COLLI opens a new branch in Umbria, with the exhibition by Luca Trevisani

COLLI opens a new branch in Umbria, with the exhibition by Luca Trevisani
COLLI opens a new branch in Umbria, with the exhibition by Luca Trevisani

Bringing something to light by digging so you can see it. In Sicily, on the north-eastern side of Mount Pellegrino overlooking Palermo, there is a complex of four natural caves which take their name from the small hamlet close to them: the Addaura caves. Extraordinary is the memory that envelops and preserves in the mineral stratifications in which they were engraved, a complex of rock graffiti belonging to the Epigravettian culture of the late Mesolithic and found in the early 1950s.

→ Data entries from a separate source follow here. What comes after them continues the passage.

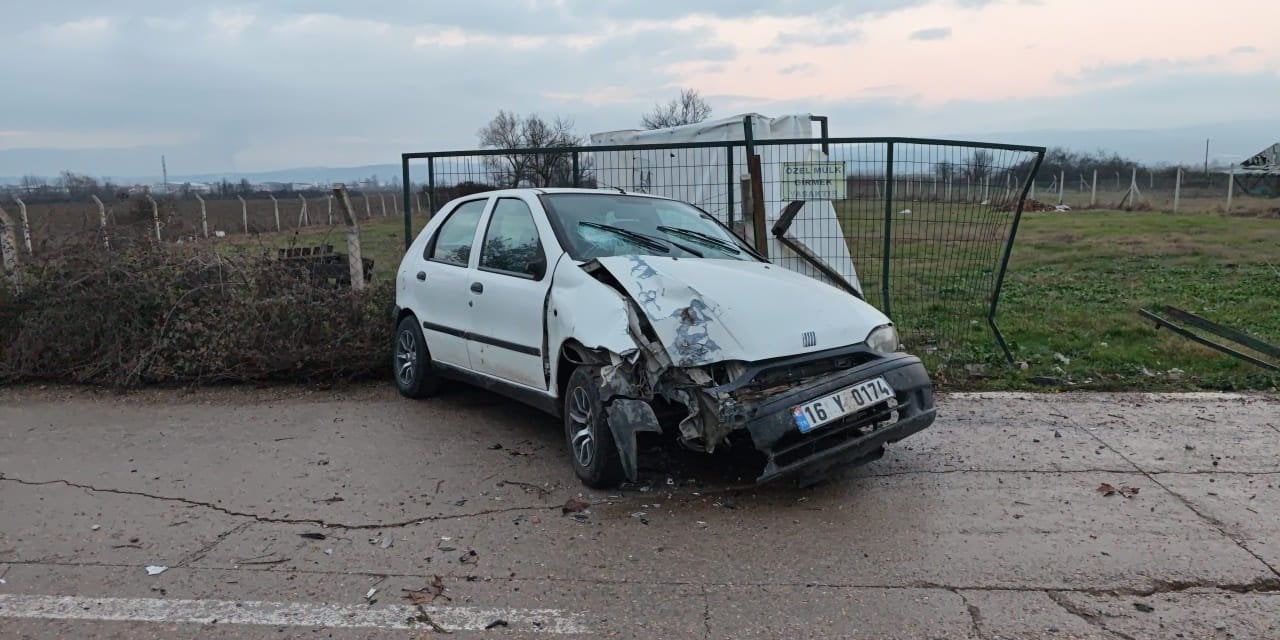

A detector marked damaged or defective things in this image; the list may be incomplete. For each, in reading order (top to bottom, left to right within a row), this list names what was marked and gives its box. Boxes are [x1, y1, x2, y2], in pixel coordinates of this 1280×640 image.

white damaged car [394, 186, 936, 486]
crumpled car hood [591, 253, 885, 366]
broken headlight [860, 325, 901, 355]
smashed front bumper [737, 353, 936, 481]
cracked pavement [2, 381, 1280, 637]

A hidden treasure, set in the heart of a deep, internal, invisible dimension, where different multitudes of signs and traces are embodied in the stone. A lively enigmatic imagery, made up only of human figures positioned in a circle around two bodies with contorted, uncomfortable poses, with covered faces. Engraved around 14 thousand years ago, they are the first known example of a ritualistic representation, of a banquet, of human society. This is the story that Luca Trevisani tells, stitching together the mysterious plots of a past collective memory with a flavor that never fossilizes.

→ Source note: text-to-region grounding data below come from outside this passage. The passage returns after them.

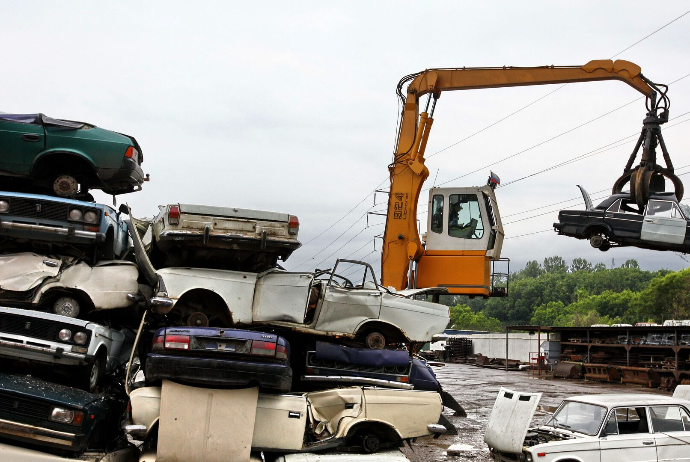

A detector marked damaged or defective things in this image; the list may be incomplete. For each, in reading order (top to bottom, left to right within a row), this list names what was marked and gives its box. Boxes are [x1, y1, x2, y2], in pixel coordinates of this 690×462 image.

crushed car [0, 114, 145, 199]
crushed car [0, 191, 131, 264]
crushed car [149, 203, 300, 274]
crushed car [552, 186, 688, 253]
crushed car [0, 253, 140, 318]
stack of crushed cars [0, 113, 456, 462]
crushed car [128, 215, 448, 348]
crushed car [0, 306, 135, 390]
crushed car [144, 326, 288, 392]
crushed car [0, 372, 128, 454]
crushed car [125, 382, 444, 454]
crushed car [486, 386, 688, 462]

Luca Trevisani, Fossil Salad, exhibition view, COLLI, Foligno. Photo credit Luca Petrucci. Courtesy COLLI

With Luca Trevisani’s solo show Fossil saladon display until October 10, COLLI inaugurates its second exhibition venue in Foligno (PG). The founder’s project Edoardo Colli was born in Rome almost ten years ago, immediately creating a hybrid dialogue of interest between art and publishing, exhibition space and publishing activity but which will now find more strength in the new headquarters in Umbria. An important step not only for COLLI which is expanding and returning to the place where he was born, giving a different identity to the industrial headquarters of the family typography similar to its design nature, but above all for the entire Umbrian artistic panorama. The project has created a new centre, a new connection with the outside, (re)discovering the potential of a territory and a city that have always welcomed and nourished contemporary artistic research since the 1970s.

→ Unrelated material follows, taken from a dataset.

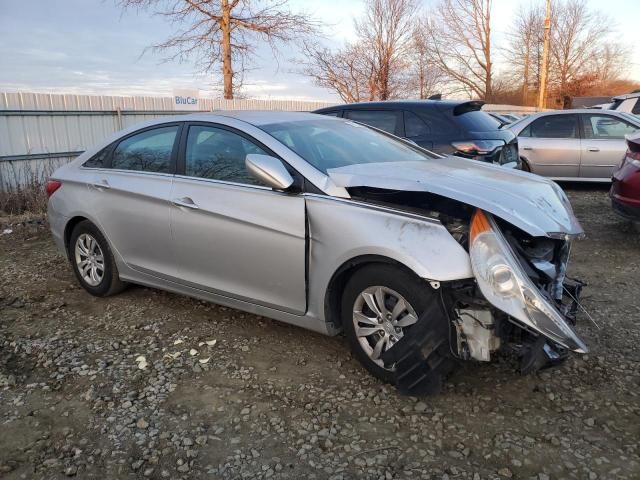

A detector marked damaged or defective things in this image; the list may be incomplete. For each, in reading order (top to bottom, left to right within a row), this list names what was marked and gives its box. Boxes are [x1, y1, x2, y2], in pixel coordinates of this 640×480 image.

crumpled hood [330, 156, 584, 238]
broken headlight [468, 209, 588, 352]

Luca Trevisani, Fossil Salad, exhibition view, COLLI, Foligno. Photo credit Luca Petrucci. Courtesy COLLI

Since 1997 the Addaura caves have been closed to the public. There are eleven life-size blow-ups from the series Addaura Belvedere (2018) to rise vertically in the new exhibition space, (re)creating like stone walls. Huge postcards, eternal sacred traces or at least still possible of those engravings that tell of our relationship with the environment and with each other, whether they represent apotropaic rites or erotic shamanism. The artist decides to question them, replicating them countless times through a different experimentation with blueprint printing: a pre-industrial photographic process, given by simple chemical reactions in which the sun fixes, engraves, the image on the support. Here hybridized with organic elements such as wine, coffee or tea, animal urine. Trevisani gives these rock carvings the possibility of moving, of travelling, of being able to settle or accelerate; and he gives us the chance to see them for the first time or once again.

Luca Trevisani, Fossil Salad, exhibition view, COLLI, Foligno. Photo credit Luca Petrucci. Courtesy COLLI

Parallel, in the two works Crystal forest (2023) e Elegance is frigid (2023) the artist performs a similar gesture: he imprints, like a modern engraving, images relating to a political vision of nature on stone fossils. Investigating a new temporal dimension with a playful, desperate cry.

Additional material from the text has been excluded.